Public officials never like to be seen in a negative light.
Actually, they would prefer to always be seen in a positive light.
To quote the wise philosopher Johnny Mercer, they would prefer the press “accentuate the positive, eliminate the negative and forget about Mr. In Between.”
That, however, is not honest.
It is not true.
It is not ethical.
And, it is not what good newspapers should do.
Given a choice between telling citizens what public officials want them to hear and telling citizens what they need to know, we will always defer to ordinary citizens.
Clayton County School officials would prefer that we not report about the dangers of losing SACS accreditation.
Clayton County Commissioners would prefer that we not report how they refer to citizens and taxpayers in their own community.
County officials would prefer that we not expose the long-running standoff over a service agreement with municipalities.
Morrow city officials don’t want the light to shine on how its economic developer responds to a local businessman over opening a temporary attraction in the city.
Tourism and business professionals would rather violent crime be swept under the rug.
The list could go on and on.
These are the things that are happening.
Newspapers do not make the news.
They report it — all of it.
Of course, a newspaper wants to celebrate its community.
Of course, we want to share the great human interest stories, provide a slice of life in the county, highlight worthwhile causes, focus on interesting people and most especially on the youth of the community.
We do those things with every edition.
When you think about it, the hard news, the crime, the politics or the scandals make up an extremely small portion of each edition of the newspaper.
However, the things people talk about, the things people remember and, it seems, the things people complain about are those things.
That should tell you something.
News is neither positive or negative. It’s just news.
News can be defined as a current reporting of events.
News can be defined as what people need to know.
News can be defined as what people want to know.
More simply, news is whatever people are talking about.
For some reason, some people do not want newspapers to report the news, they want newspapers to change the news.
They want newspapers to alter and slant the news to make it all positive.
Yes, it’s cliché but when you put lipstick on a pig, it is still a pig.
A murder is still a murder.
A scandal is still a scandal.
Misconduct by an official is still misconduct.
Largely when someone calls the newspaper to complain about coverage, we have one important question to ask — is it true?
Almost every time we ask that question the individual complaining about coverage quickly says, “Yes, it’s true, but...”
Of course, then the appropriate response is, “Then would you prefer that the newspaper not report the truth?”
Sometimes the truth hurts.
However, that is never the intention of telling the truth.
Information is power and the more accurate, reliable and forthright information a person, or a community, has the more informed decisions can be made.
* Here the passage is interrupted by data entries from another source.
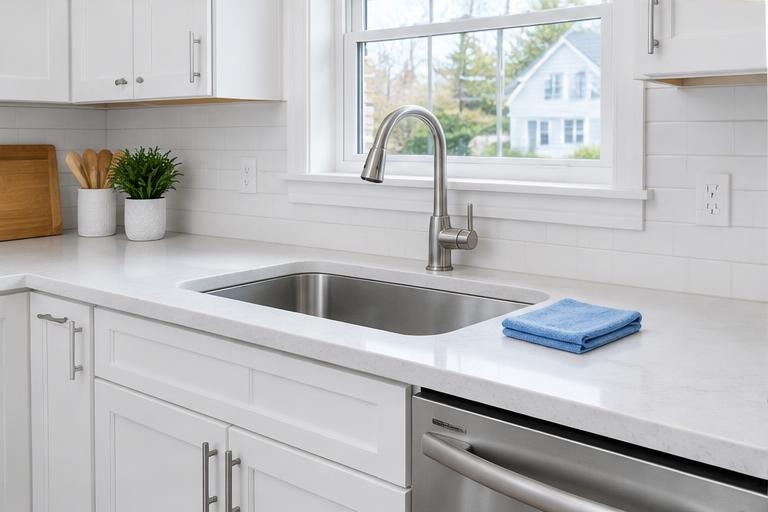Clean kitchen kept tidy with recurring cleaning
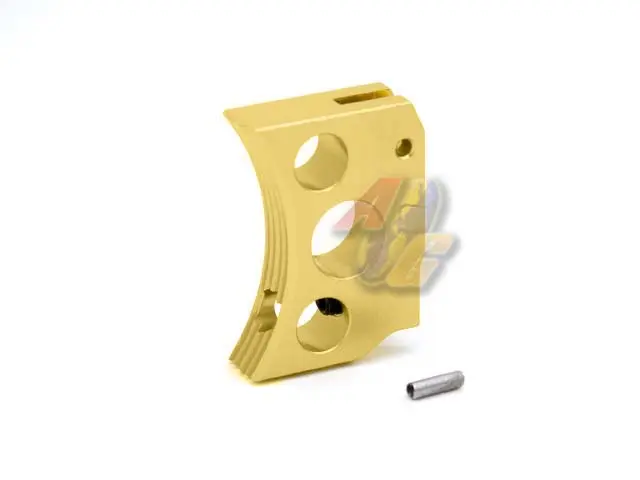 AIP Aluminum Trigger for Tokyo Marui Hi-Capa Series GBB (Type E) (Gold) (Long)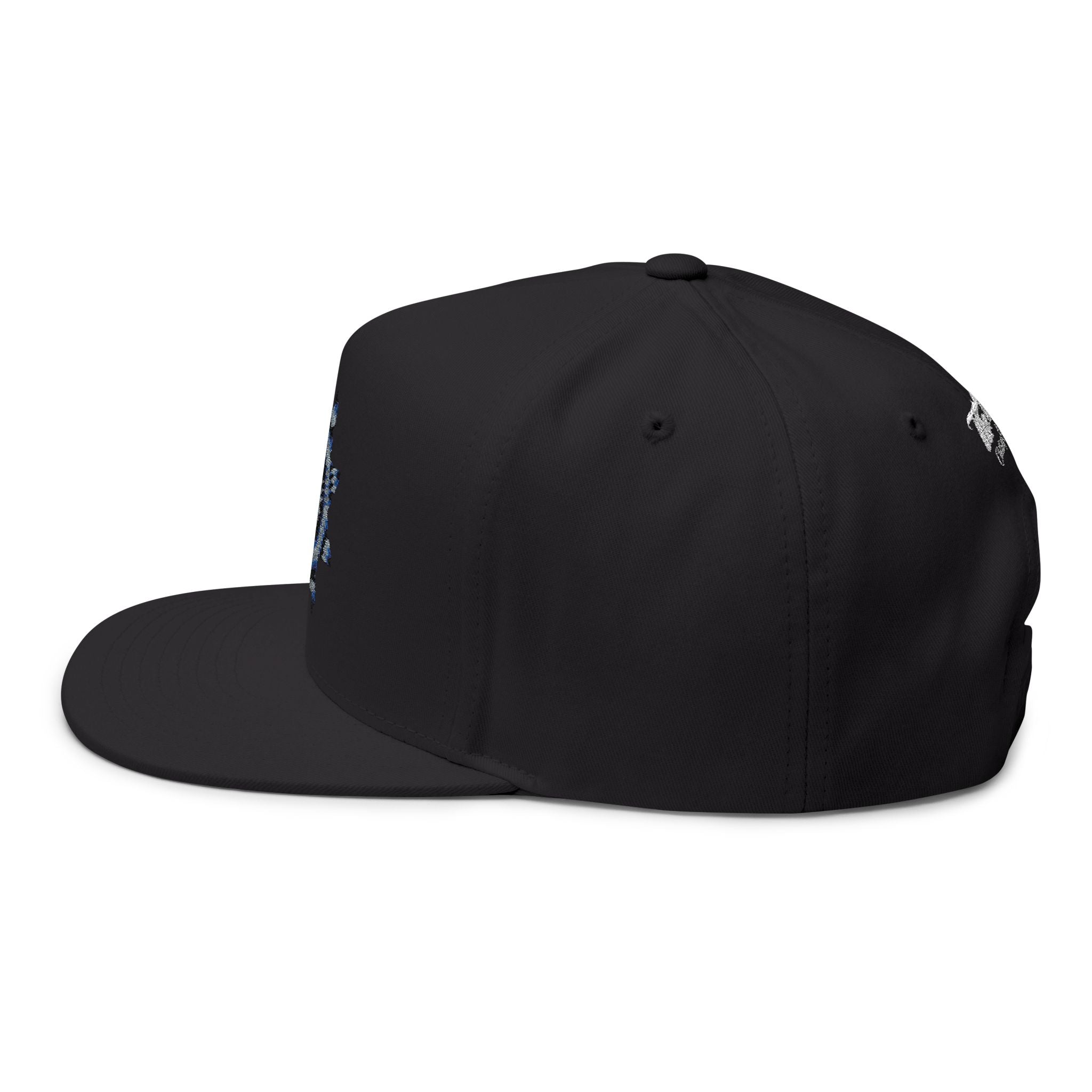 the Plug Clothing Company Embroidered Flat Bill - Native Geometric Star Logo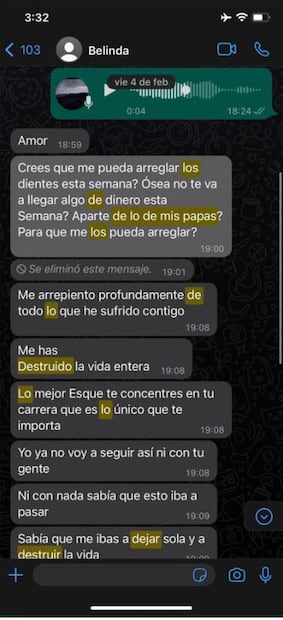 ¿Qué piensa Belinda de los mensajes de Christian Nodal?
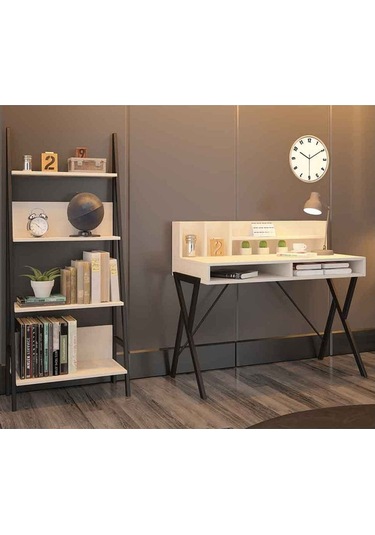 Avmpark Avmpark Yanke Çalışma Masası+Kitaplık Aytaşı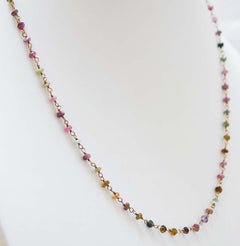 Tourmaline, Retrò Necklace.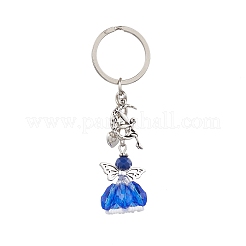 Glass & Tibetan Style Alloy Keychain&nbsp;KEYC-MZ00037-02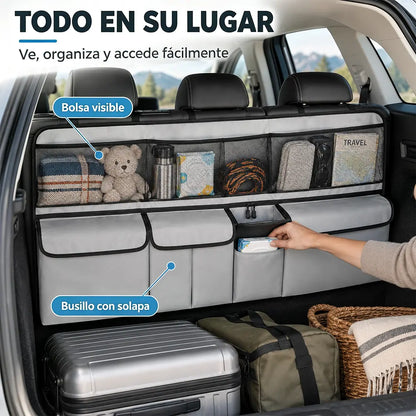 🚗🧰 Bolsa Organizadora para Maletero de Coche | Gran Capacidad, Resistente y Colgante para Guardar Herramientas y Accesorios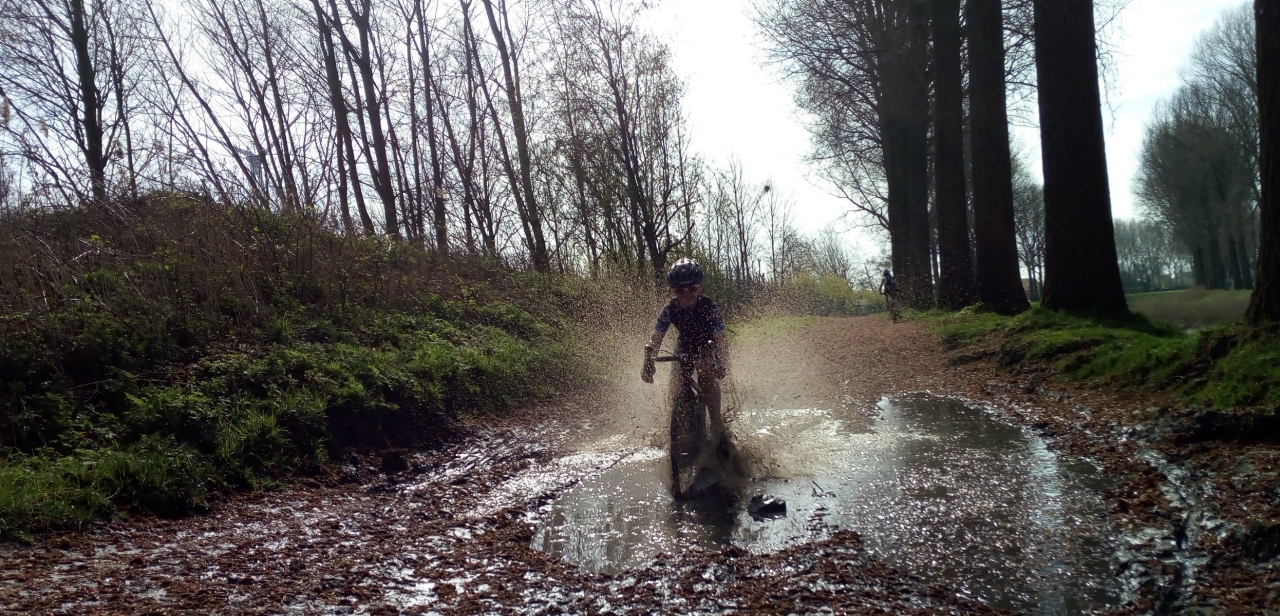Mountainbiken in de winter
Truth and transparency always makes us stronger.
Photoshopping the community will do nothing to improve it.
We tell the truth about Clayton County because we care about Clayton County.
We so often hear people say the county needs a public relations campaign because the county has an image problem.
When a community is facing troubles and struggles, it is not the image that is the problem. Improve the real problems and the image will take care of itself.
Our Board of Education does not have an image problem. It has a problem conducting business in a businesslike manner and a problem with board members behaving themselves in a civil manner.
When an official goes on a rant toward a citizen or group of citizens the city or county does not have an image problem, but rather the official might have an anger management problem.
If officials do not like it when newspapers report the truth, then they need to change the truth of what is actually going on rather than attempting to shoot the messenger.
In the biblical writings of the apostle Paul in the letter to Galatia, he asks his critics, “Am I become your enemy because I tell you the truth?”
Sometimes, it seems that those in positions of authority or leadership just “can’t handle the truth.”
We will continue to tell all the wonderful, vibrant, exciting, positive stories about life in Clayton county.
We will also continue to tell the truth.